The data =>
⟨

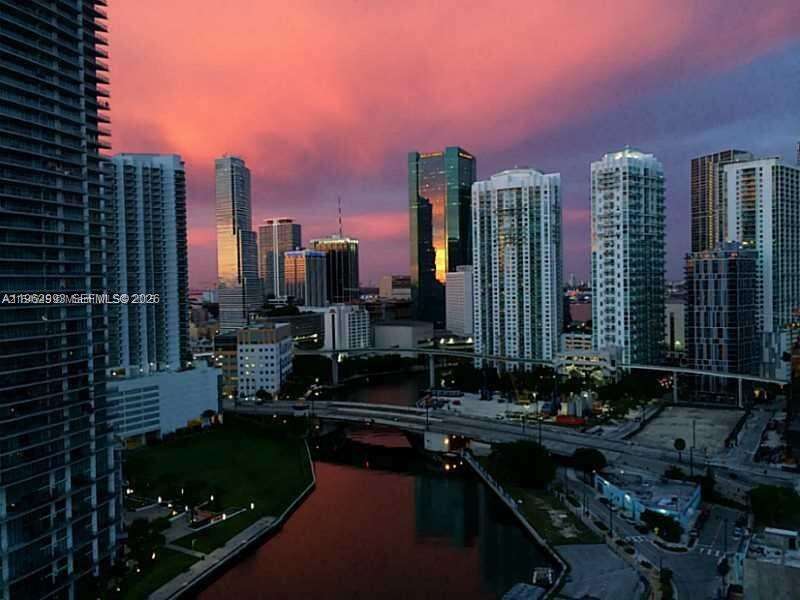 Neo Vertika at 690 1 Ct, Miami, FL 33130 - For Rent photo 1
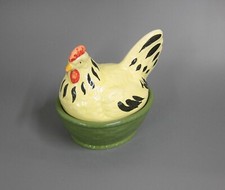 Dose  2 tlg. Korb mit Huhn - Hahn und Henne Keramik 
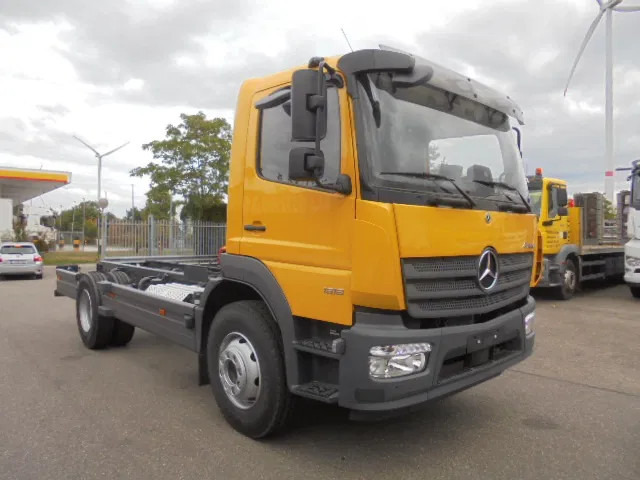 Mercedes-Benz Atego 1518 NEW DEMO MET FABRIEKS GARANTIE - 캡 새시 트럭 : 사진 3 Mercedes-Benz Atego 1518 NEW DEMO MET FABRIEKS GARANTIE - 캡 새시 트럭 : 사진 3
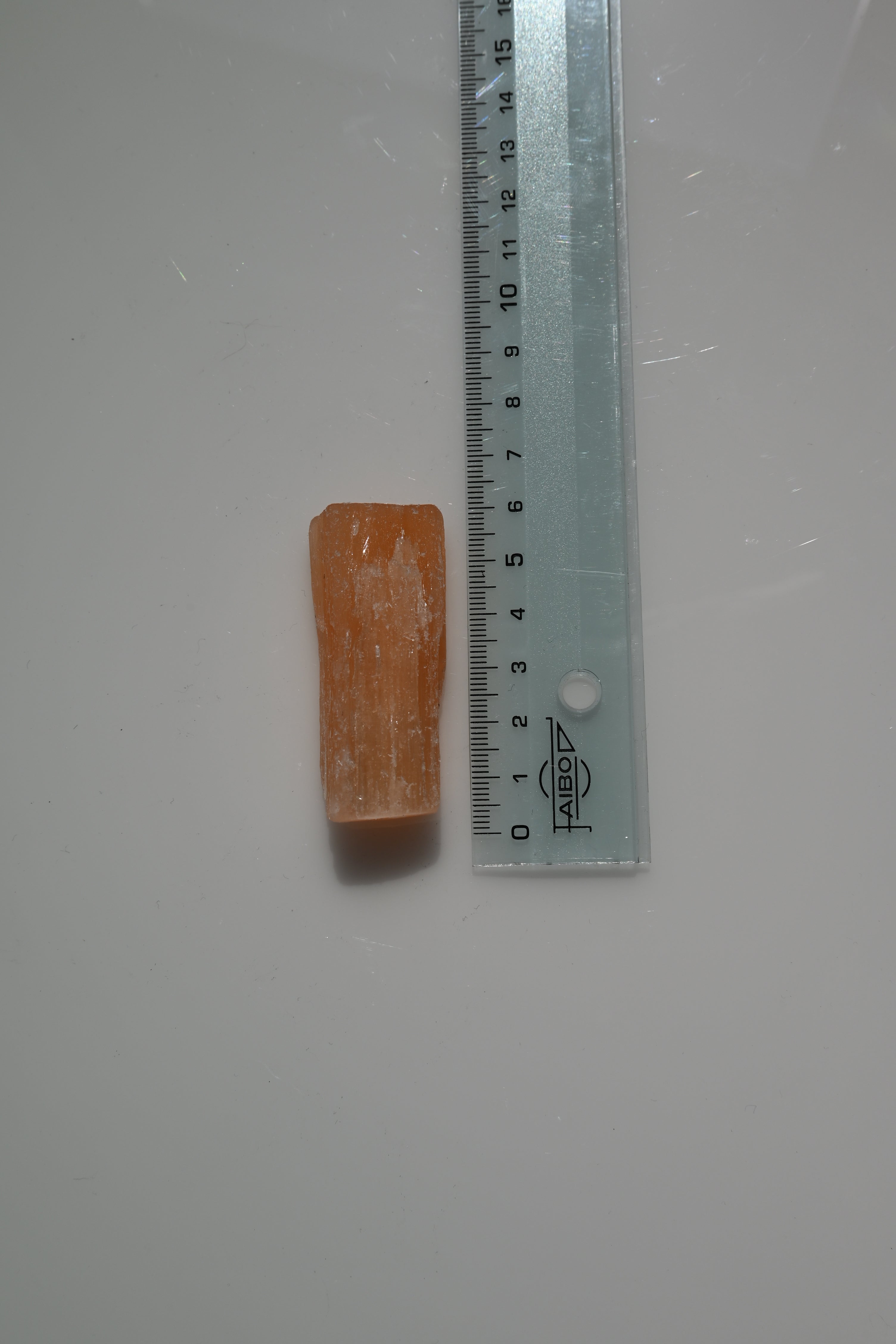 Barra de selenita naranja natural sin pulir, 5 a 7 cm. Mineral cálido ideal para limpieza energética y equilibrio emocional.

⟩

Your instructions =>
Print the data again word for word, pictures excluded.

Solution for this task =>
 Neo Vertika at 690 1 Ct, Miami, FL 33130 - For Rent photo 1
 Dose  2 tlg. Korb mit Huhn - Hahn und Henne Keramik 
 Mercedes-Benz Atego 1518 NEW DEMO MET FABRIEKS GARANTIE - 캡 새시 트럭 : 사진 3 Mercedes-Benz Atego 1518 NEW DEMO MET FABRIEKS GARANTIE - 캡 새시 트럭 : 사진 3
 Barra de selenita naranja natural sin pulir, 5 a 7 cm. Mineral cálido ideal para limpieza energética y equilibrio emocional.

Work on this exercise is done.